Daha çocukluktan yeni çıkmış üç İsrailli genç kaçırılıyor ve El-Halil yakınında bir arazide cansız bedenleri bulunuyor.
Kim/kimler kaçırmış olabilir? Muhakkak HAMAS’tır! İsrail yönetiminin kesin kanaati bu! İsrail’in böyle bir hâdisede nasıl bir politika takip ettiğini bilmeyecek kadar aptal mı HAMAS yöneticileri? Sanmıyorum. Öldürülen İsrailli gençlerin kendileriyle ilgili olmadığını söylüyorlar. Belki İsraillilerin yakınlarını katlettikleri bir ailenin fertleri, hiç ummadıkları anda karşılarına çıkan gençleri kaçırmış olabilirler. Hiçbir şey bilinmiyor.
İsrail üç İsrailli genci bahane etti ama asıl meselesi, HAMAS’ın Gazze’den fırlattığı füzeler.
Dün Filistinliler için füze hayal bile edilemezdi. Uzun namlulu silâhları bile bin bir güçlükle buluyorlardı.
HAMAS’ın füze fırlatması akıllıca değil. Bir füzeye karşılık İsrail 100-200 füze atıyor. HAMAS’ın füzesi havada imha ediliyor, İsrail’in füzesi Filistinlilerin tepesinde patlıyor.
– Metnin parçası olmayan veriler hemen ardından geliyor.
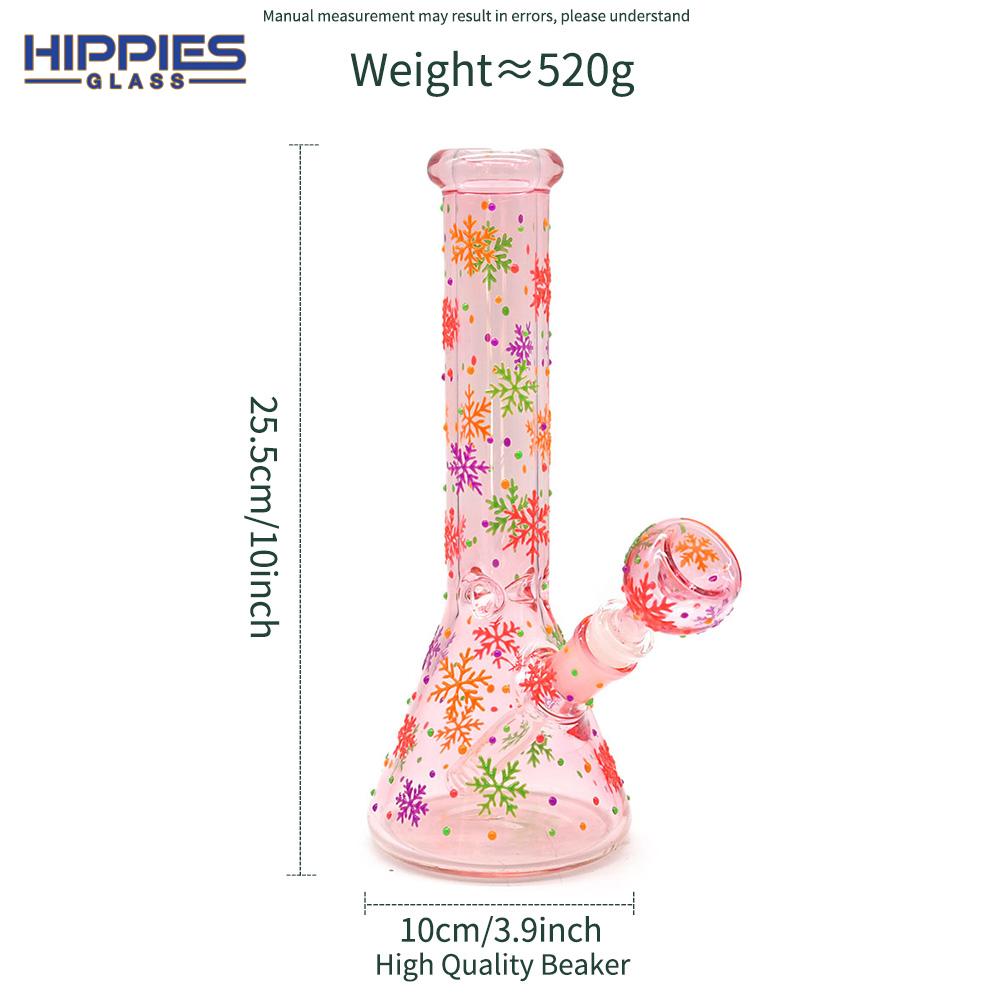 高硼硅玻璃水烟管 玻璃水烟筒 手绘雪花带夜光的玻璃水烟 2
Binalar yerle bir oluyor, ev halkı, çocuklar ölüyor.
İç içe girmiş iki toplum. Ayaklarına en ufak taş gelmesinde birbirlerin boğazına sarılıyorlar. Biri hep güçsüz, hep yalnız ama diğeri her türlü teknolojiye ve her türlü silâha sahip. ABD’ye sırtını dayamış.
Bir gün güçsüz olan güçlenmeyecek mi? İsrail ne yapacak o zaman?
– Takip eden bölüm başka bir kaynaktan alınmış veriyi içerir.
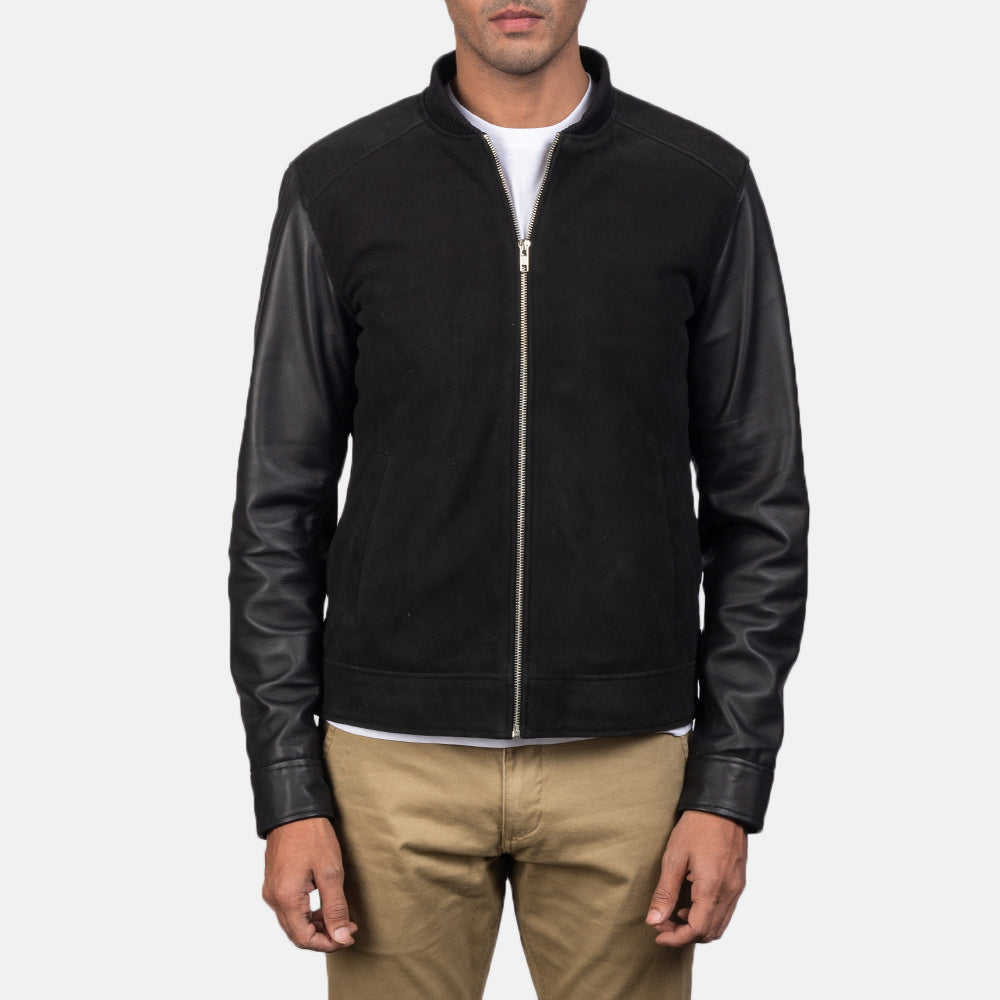 Men's Blain Brown Suede Bomber Jacket - Lateral Side Profile View Showing Sleeve Cut &amp; Athletic Taper Fit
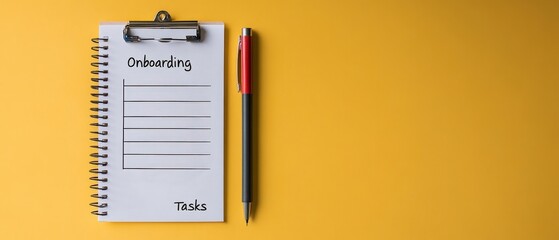 Top view of a spiral notebook with onboarding tasks list next to a pen on a vibrant yellow background, symbolizing organization and planning.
İsrail devleti bir inat uğruna kurulmuştur. 2000 yıl öncesinin hesabı. Ama o toprakların aslî unsurları var. Onları yurtlarından söküp atıyorsun. Yurt hasreti acıyı büyütmeyecek mi, yüreklerinde yanan ateş seni talazlamayacak mı?
Talazlıyor işte... Gözün ardında her an tetikte kalmak, her an bir yerden saldırı beklemek... Böyle devlet kurulmaz.
Kaos İsrail için büyük bir tehlike, ne kadar saldırırsa, insanlar istenmeyen örgütlerin safına
kayar.
İsrail öldürerek, yıkarak, kazıyarak istikrar bulamayacağını bilmelidir. Gözlerini ne kadar korkutursam, o kadar sinerler, diyemezsin.
Hayır, sinmiyorlar; ölüyorlar ve ölümden hayat buluyorlar. Bugün konvansiyonel silâhları olur, yarın nükleer silâhları... O zaman ne sen kalırsın, ne onlar!